Summary of Ewan Fernie: "Action! Henry V"

The central question of Fernie's essay is stated in his opening paragraph: "What does the presence of Henry V in the present mean for us?" (Fernie 96). Fernie argues that action is the basis any presentist argument. Action, Fernie argues, is Shakespeare's "gratifyingly palpable mode of being present" (Fernie 98). Using that as the basis of his argument, Fernie proceeds to examine the action of Henry V and the way in which it relates and comments upon our contemporary concerns and experience.

According to Fernie's argument, action defines character, is also determined by motivation or "intention." Fernie uses the earlier plays of the Henriad to show how Henry's character is defined by his earlier rejection of Falstaff earlier in the cycle. Thus, according to Fernie's argument, identity in this case, is peculiarly theatrically or dramatically defined, as opposed to the prevailing view of new historicists and cultural materialists who argue that identity is mainly determined by historical or cultural influence. This is one of the most interesting aspects of Fernie's argument.

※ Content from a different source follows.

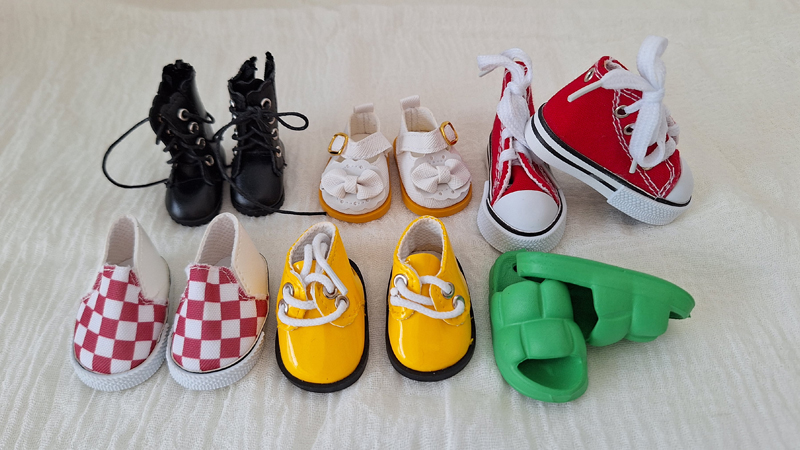 schuhe für moderne erzählfiguren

In terms of his analysis of Henry V, Fernie repeatedly discusses the ways in which Henry's "fierce agency" defines his character, and thus the action of the play. Fernie argues that Henry's "fierce agency" continually draws the play and its characters into the present moment. ""Henry V inducts us into an existentially and ethically challenging experience of the fierce agency it dramatises" (Fernie 106).

In order to accept Fernie's argument, the reader must accept Fernie's main premise that Henry's "fierce agency" drives the action of the play. Henry's desire for war and victory over the French, his desire for love and "conquest" of Katherine, and his desire to repeatedly "coerce the will of others" (114) define his character and its relation to us in the present. "Henry's paradoxically aggressive seeking of consent expresses his bid for our identification and approval" (Fernie 115). Thus, our relationship to Henry as an audience member is defined by his desired relationship with us.

Fernie concludes his argument by exploring the plays presentist relevance as an "exemplum of human action available in the struggle against facism and in the invasion of Afghanistan and Iraq. Fernie's conclusion highlights the ways in which Henry's action provides us the opportunity to explore the relationship to our own contemporary national political interests, will and the consequences of such "fierce agency" in the world today.